According to a report released by the Government Accountability Office (GAO) this month, measures to make the Department of Defense (DOD) audit-ready are not going smoothly. Government Executive reported that many hoped 2017 would remain “the target year for achieving clean internal books”, but according to this report the Pentagon won’t soon have auditable books because their having trouble even building and maintain the information in their books.
This report released by GAO reviewed reports by three independent public accountants on budget activity for fiscal year 2015 at the DOD. All three of these accountant agencies were “unable to express an opinion because of a lack of sufficient evidence to support the amounts presented.” The report takes a deep dive into what each branch is missing as far as evidence and processes, but the bottom line is this – there isn’t sufficient evidence from any branch to substantiate each of their transactions. Without all the relevant information, accountants can’t give a proper assessment or opinion of audit readiness. Judging by the more than 700 findings and recommendations to ensure that all the necessary information and documentation was in place, it’s safe to say that the DOD is not nearly ready to be audited.
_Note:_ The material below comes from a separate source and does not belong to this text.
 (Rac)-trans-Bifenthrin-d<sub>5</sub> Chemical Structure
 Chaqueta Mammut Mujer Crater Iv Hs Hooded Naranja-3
Here is just a snapshot of what is missing from each branch of the military:
- Army – “did not consistently perform effective daily operating system backup procedures or maintain evidence of operating system and database backups when performed for certain financial systems.”
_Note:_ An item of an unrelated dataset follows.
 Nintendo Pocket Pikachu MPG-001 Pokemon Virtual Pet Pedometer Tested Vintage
- Air Force – “did not have a comprehensive process in place to identify and track all financial management-related findings and recommendations.”
- Navy – “had no assurance that transactions were completely and accurately recorded in its four general ledger systems because it has not designed and implemented sustainable and recurring manual and automated reconciliations with its more than 100 feeder systems.”
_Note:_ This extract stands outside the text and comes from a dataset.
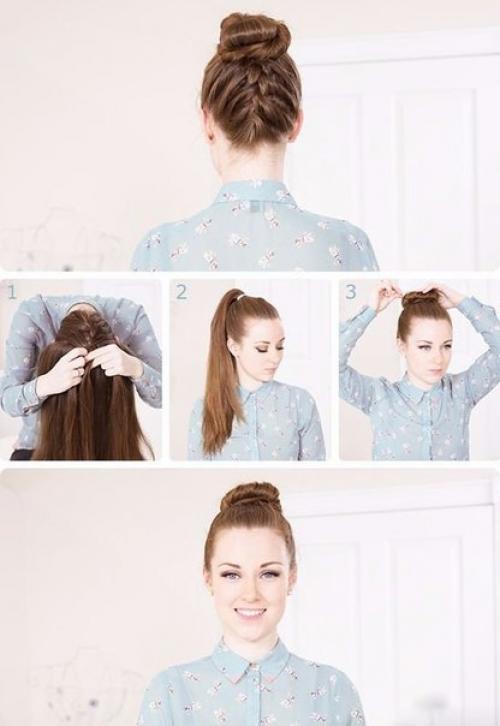 10 самых красивых причесок на каждый день. 05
It’s clear that procedures aren’t being completely followed or don’t fully exist. DOD Financial Management remains on the GAO’s high-risk watch list, and there is clearly much work to be done to get off that list and get audit-ready. Above all, this is readiness is important to the DOD’s overall mission, keeping the United States safe. GAO concluded in their findings that deficiencies within DOD affect its “ability to make sound mission and operational decisions.” An audit is necessary to begin effectively using taxpayer money at the DOD, and in order for that audit to take place, DOD has many recommendations to consider to be ready for one.